Collected data:
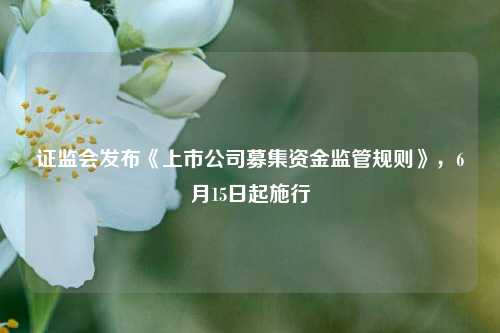证监会发布《上市公司募集资金监管规则》，6月15日起施行  第1张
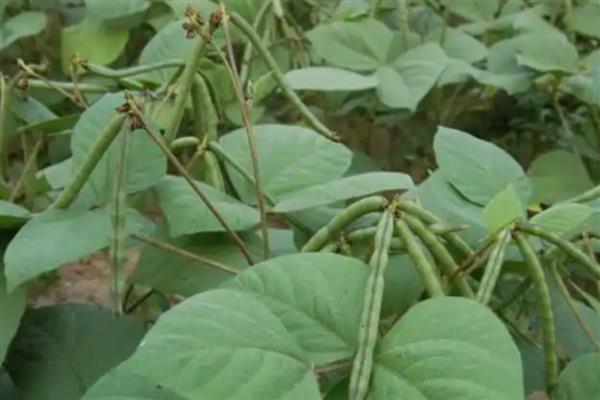 大红豆怎么种植,每穴播种2-3粒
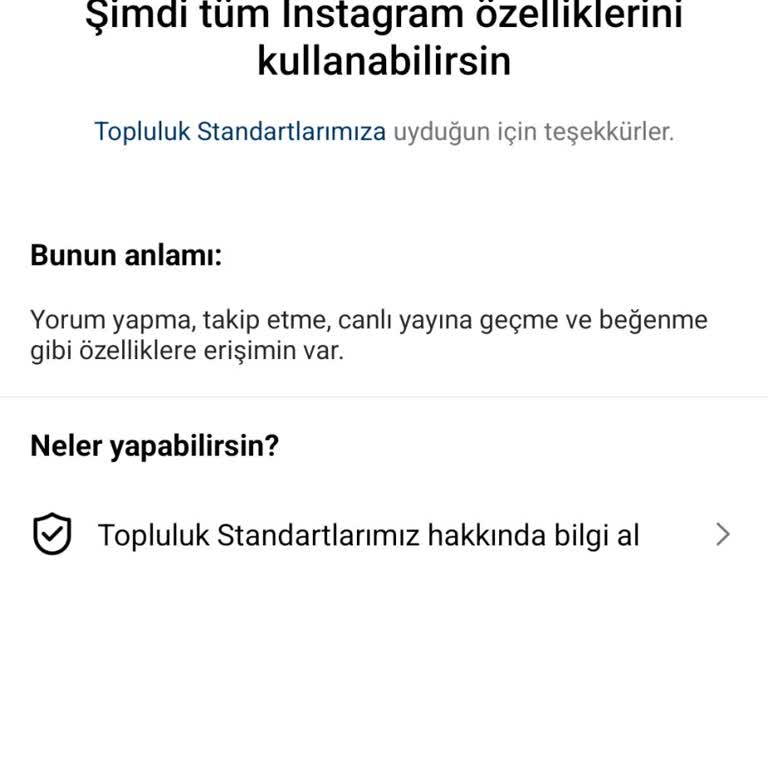 Instagram Kısıtlaması: Yeşil Tik Var, Erişim Yok!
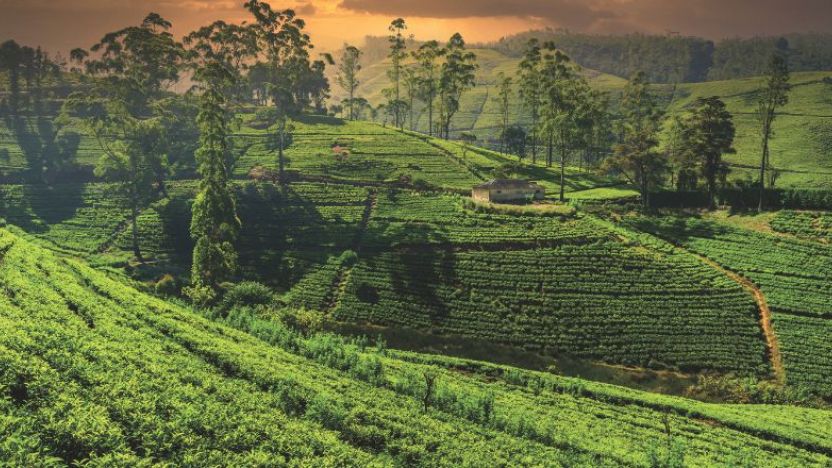 Tea Plantation, Nuwara Eliya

Task: Hand back exactly the lines from the one with "Instagram Kısıtlaması: Yeşil" through the last line of the data above, both ends included, with every picture left out.

Result of the task:
 Instagram Kısıtlaması: Yeşil Tik Var, Erişim Yok!
 Tea Plantation, Nuwara Eliya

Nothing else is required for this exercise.